Print all of the data below exactly as it appears, leaving out every image.

_Information shown_
○ ○ ○ ○
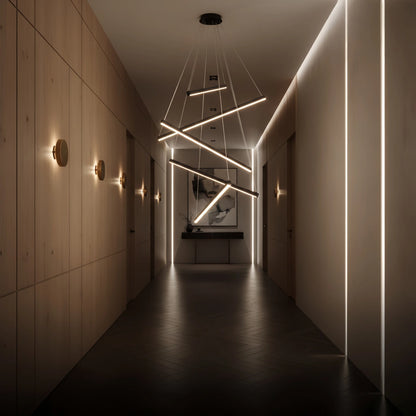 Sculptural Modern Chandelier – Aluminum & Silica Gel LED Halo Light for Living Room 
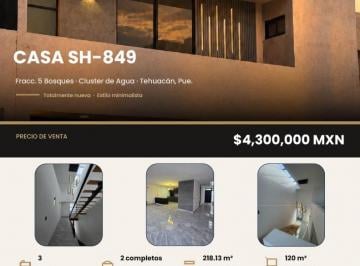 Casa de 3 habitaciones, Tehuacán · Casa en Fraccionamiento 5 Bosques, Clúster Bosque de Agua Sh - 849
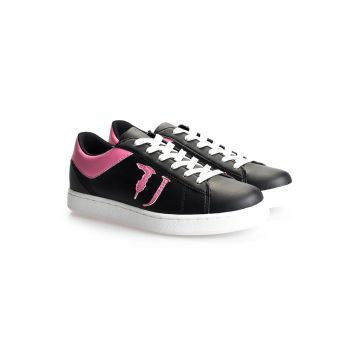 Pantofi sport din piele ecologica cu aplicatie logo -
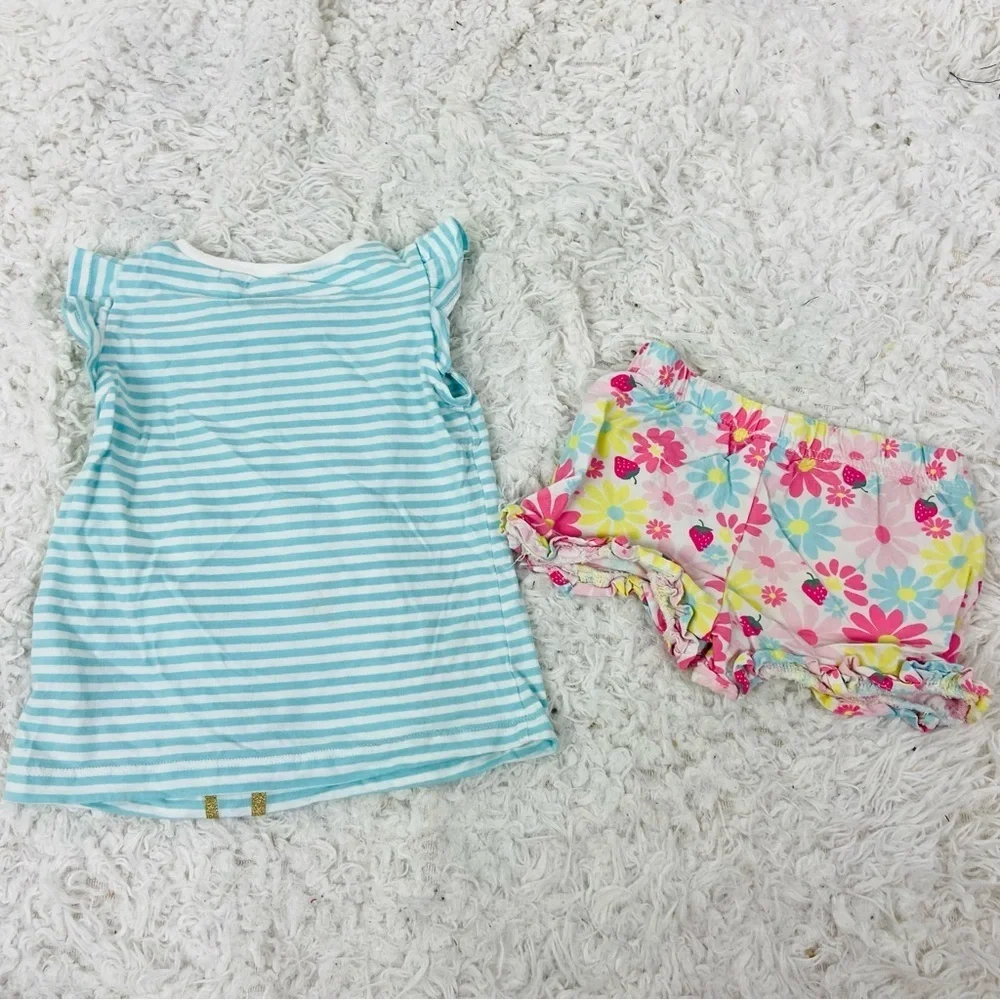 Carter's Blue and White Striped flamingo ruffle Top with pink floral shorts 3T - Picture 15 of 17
○ ○ ○ ○
_Answer below_
 Sculptural Modern Chandelier – Aluminum & Silica Gel LED Halo Light for Living Room 
 Casa de 3 habitaciones, Tehuacán · Casa en Fraccionamiento 5 Bosques, Clúster Bosque de Agua Sh - 849
 Pantofi sport din piele ecologica cu aplicatie logo -
 Carter's Blue and White Striped flamingo ruffle Top with pink floral shorts 3T - Picture 15 of 17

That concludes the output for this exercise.